DEADLINE: You mentioned earlier this use of color. With Belfast being so predominantly black and white, can you talk a little bit about your use of vivid at the cinema?
BRANAGH: Yeah. Well, black and white suddenly gives you the past with this poetic quality. It also really reminded me of the massivity of the Belfast landscape as well. Those big cranes, that Cavehill behind us, and all of that granite-y, gray, often rainy world was very much in monochrome to my eyes. And it reminded me of the westerns that I was seeing on television. I somehow had an intuitive connection to Monument Valley, of which I’ve still never been to, but I would see those John Ford films in black and white, and they reminded me of the big upright structures in Belfast, and the harshness of the architecture, quite stern, quite forbidding.
So, whenever color came into my life at the cinema, it came in like a rainbow of intensity. So, early gifts, in that regard, were films like The Great Escape, the Beatles’ Yellow Submarine, which is as trippy a movie as you could ever see, really. I didn’t make much sense of it then, but I know that it captivated me. And Chitty Chitty Bang Bang, The Sound of Music, wide screen entertainments that often took you vast distances. Geographically, they took you. Color seemed to take me around the world. Sound of Music, or Great Escape took me all over Europe. Chitty Chitty Bang Bang took me to a completely different world. In this case, it had the fairy tale castles of Ludwig of Bavaria in the magical land that they fly to.
So, color expanded my consciousness. Absolutely, color announced itself at the movies as a place to immerse yourself, a place of transformation and a place of escape. And it came with such happy memories. It was always with parents, and it was with crowded cinemas, and it was the massive image in color of such intensity that entirely lifted you from whatever pain, or darkness, or humdrum-ness, or whatever else you might be going through in your life. It was a magic carpet to a world of imagination. And I wanted the same thing to happen here. And for it to even happen in the world of the theater, when they go and see A Christmas Carol, and when they see, as a kind of tease, the color is reflected on the outside of granny’s glasses.
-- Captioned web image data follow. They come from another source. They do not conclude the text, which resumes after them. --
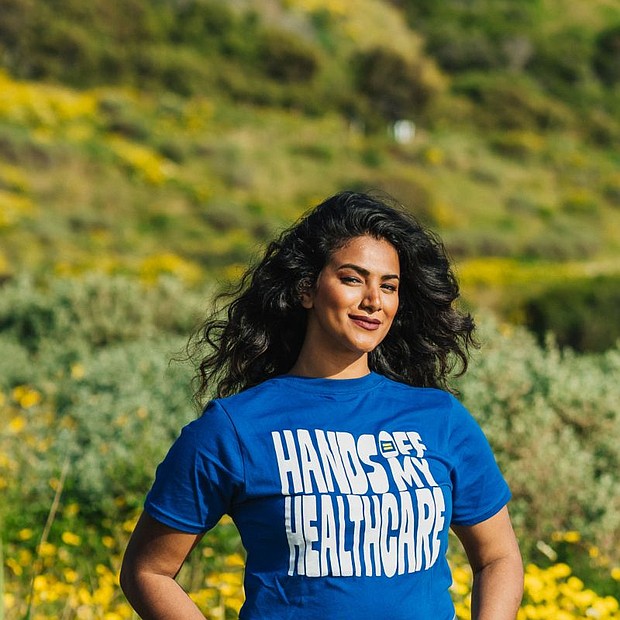 Human Rights Campaign Texas State Director Melodía Gutiérrez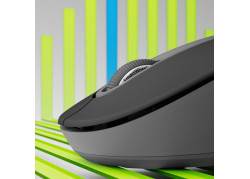 Logitech M650 (L) Optical Bluetooth Zwart Ret. Wireless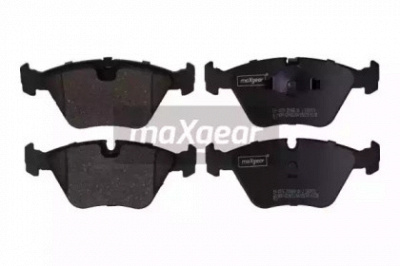 MAXGEAR 191076 -  Комплект тормозных колодок, дисковый тормоз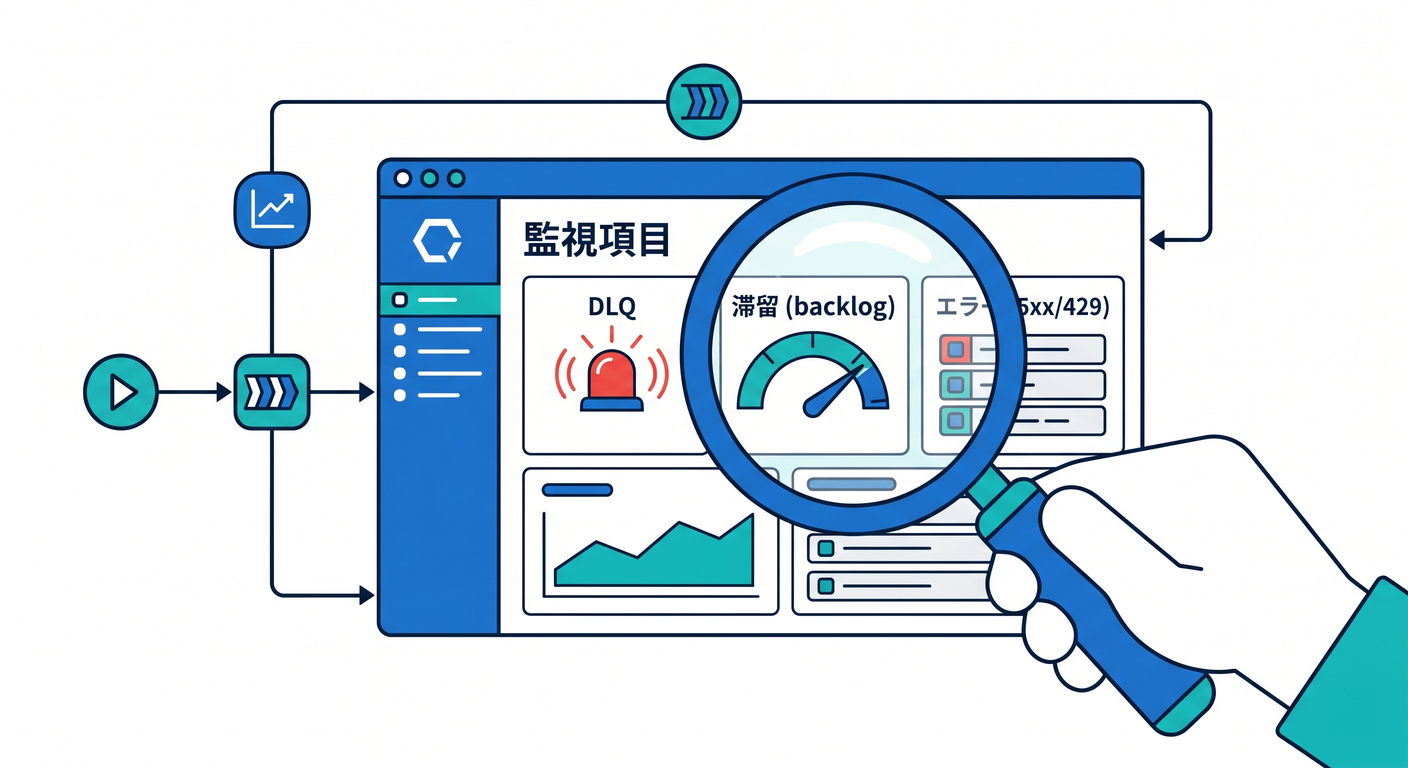 Important metrics to monitor in Queues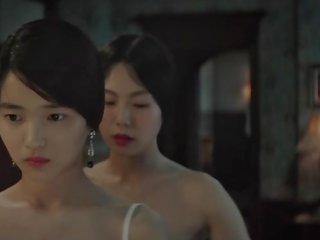 [korean film X rated movie Scenes] Kim Tae Ri's Sex Scenes in the Handmaiden (2016)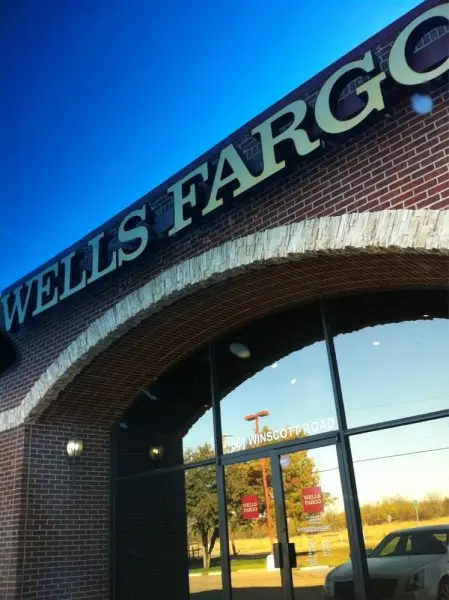 Wells Fargo Bank Wells Fargo Bank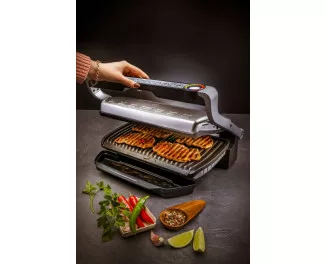 Электрогриль прижимной Tefal OptiGrill+ XL GC724D12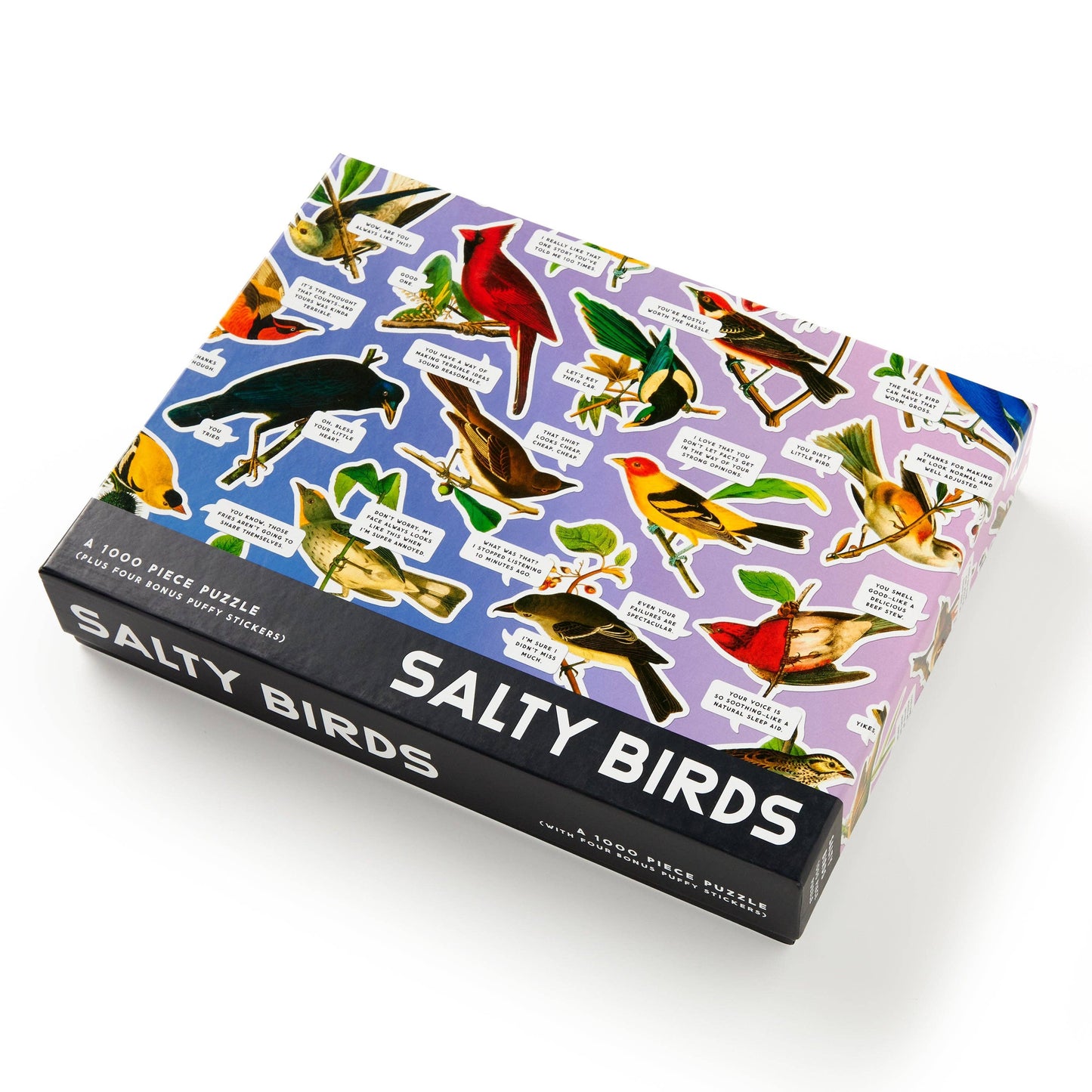 
                  
                    Salty Birds 1000 Piece Puzzle by Brass Monkey
                  
                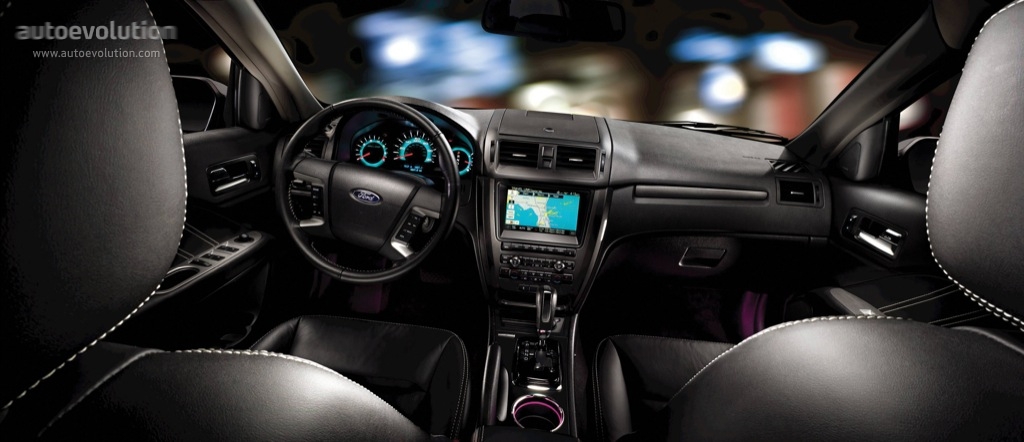 Ford Fusion North American photo 85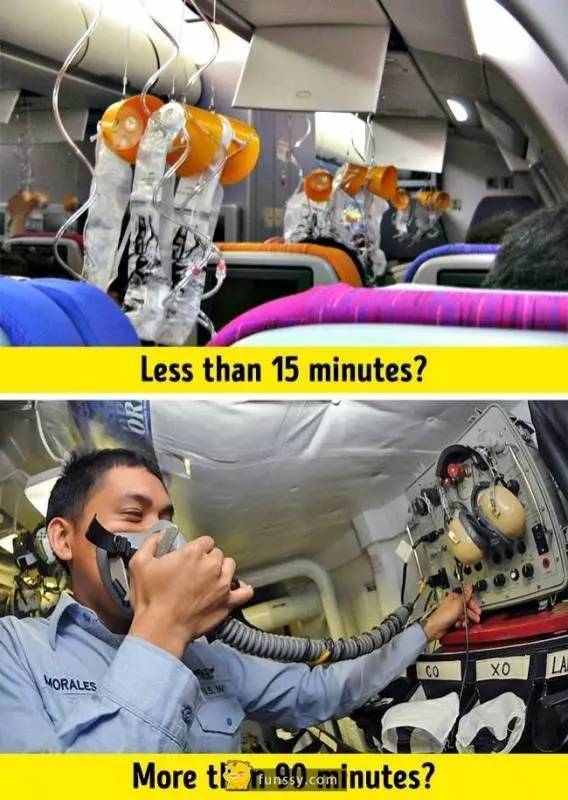 關於飛機的16個冷知識 ~14. 為什麼不提供降落傘給乘客?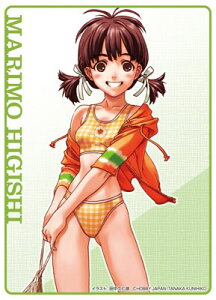田中久仁彦イラストレーション カードスリーブ 日岸茉莉方 パック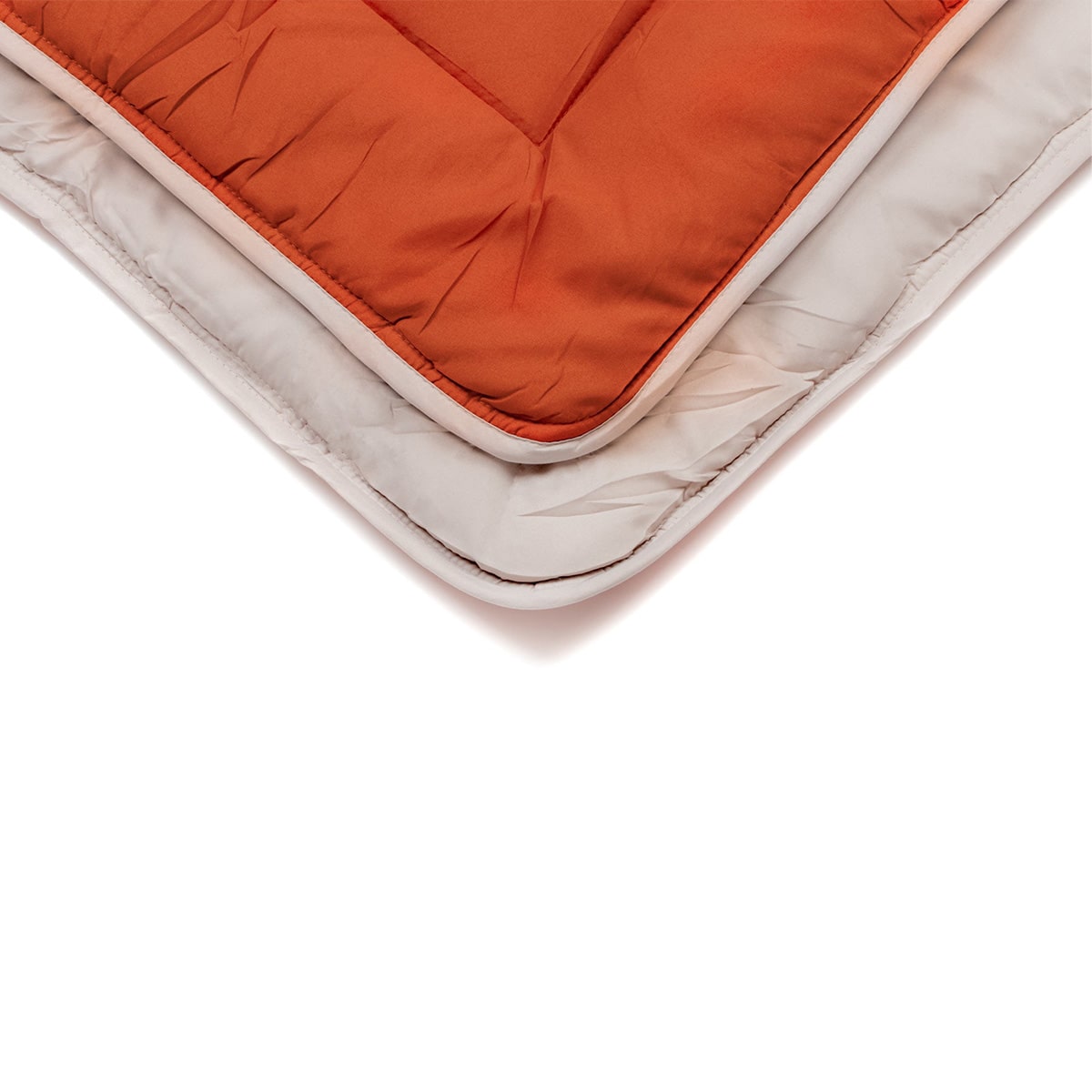 Zelesta Everyday Duo Sommerbettdecke - Hellgrau & Ingwer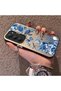 Redmi 15 5g Compatible Blue Turtle, Shell, and Coral Pattern Cover, Shock-Absorbing Structure - 2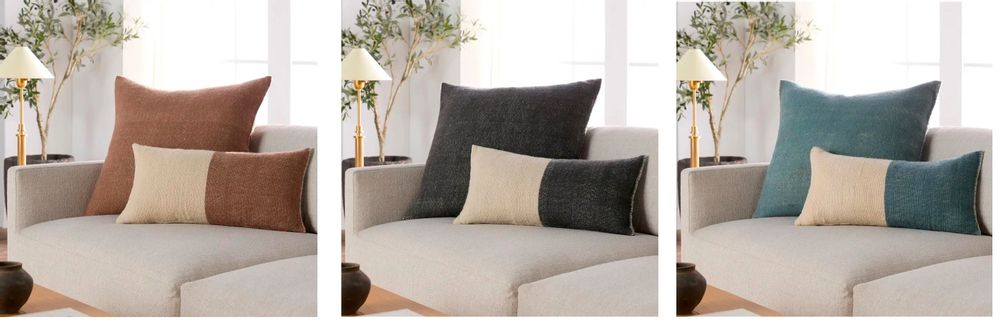 Fabric cushions - ONIR CUSHION - NEEM LIVING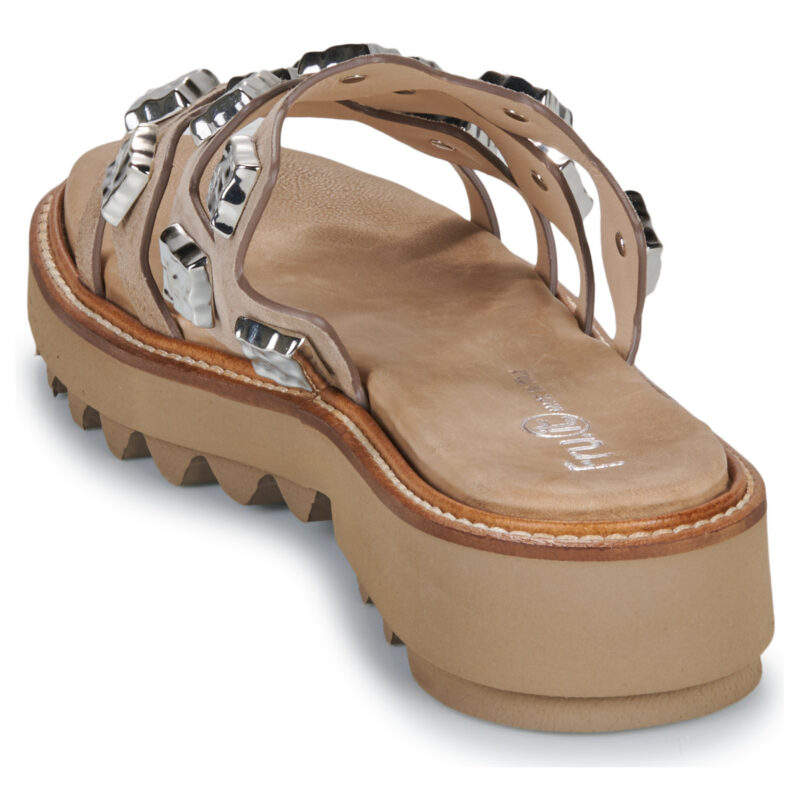 Fru.it  9170-100-HELGA-TAUPE-WATER-TAUPE  Beige Ciabatta Donna - 5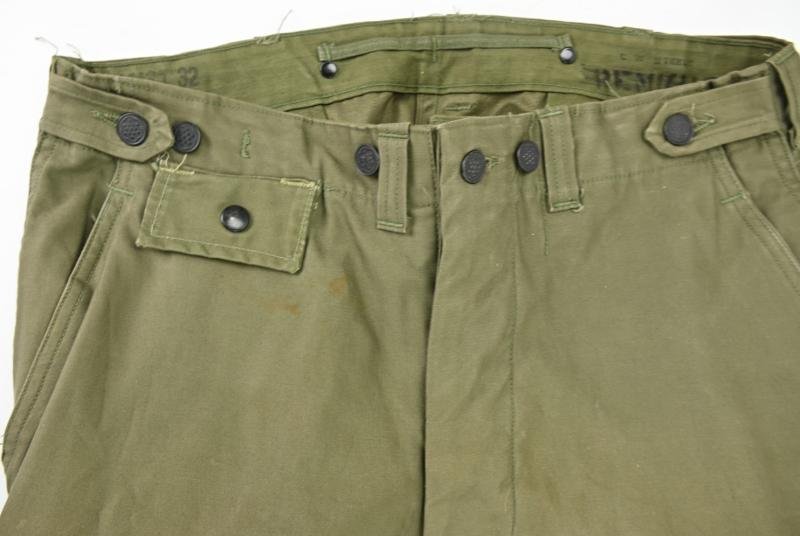 US WW2 M-1943 Airborne Paratrooper Trousers — image 6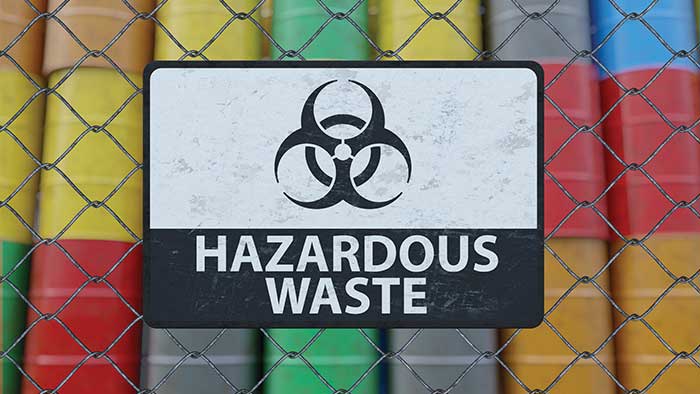 Retail Hazardous Waste Program Success for 2022
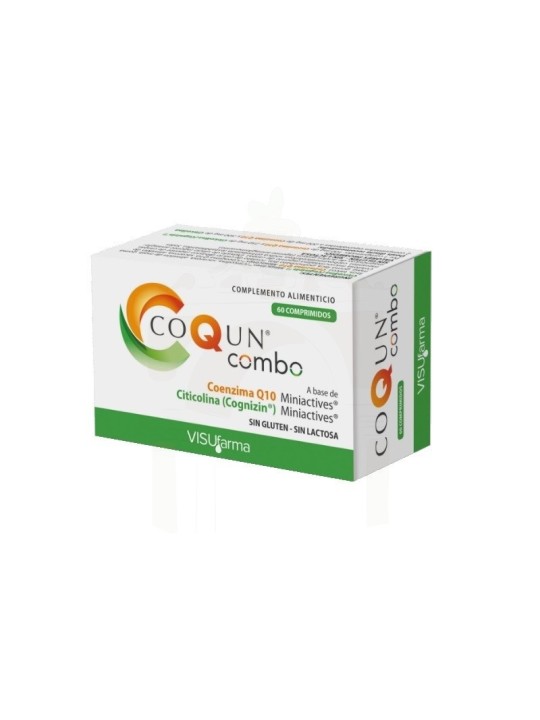 Coqun combo 60 comprimidos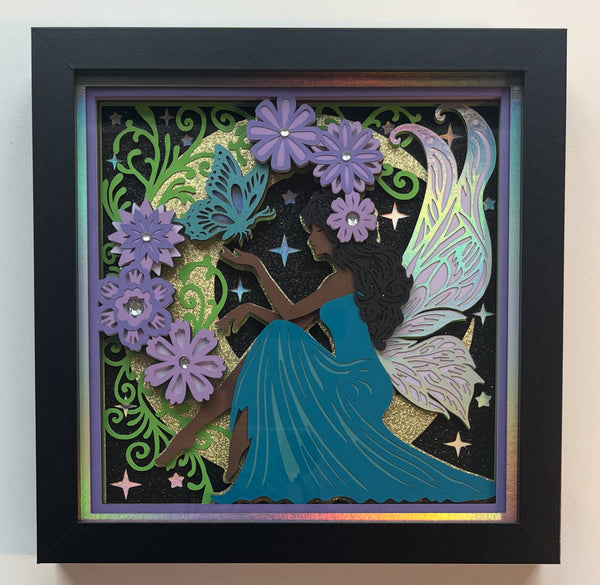 Fairy 3D Shadowbox
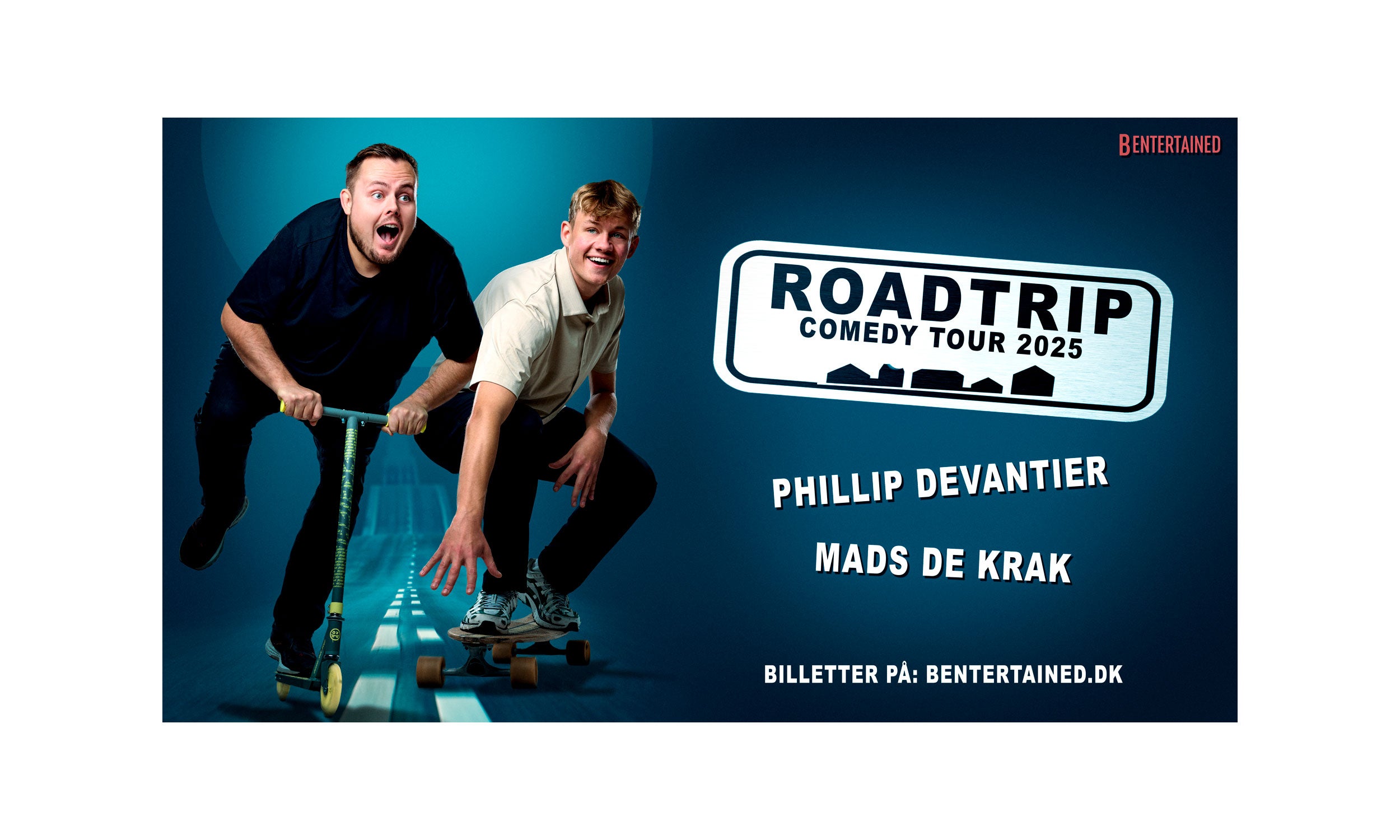 Phillip Devantier & Mads De Krak - Roadtrip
It’s as if, somehow, imagination and escape is out there, but you have to go and get it. It just knocks on the door. It doesn’t come in. You have to go get it. For me, color was the great calling card of art. It was the great calling card of cinema. It was the great calling card of the imagination. And black and white was beautiful, and poetic, and sometimes gritty, but you were glad of the invitation into that Technicolor palace.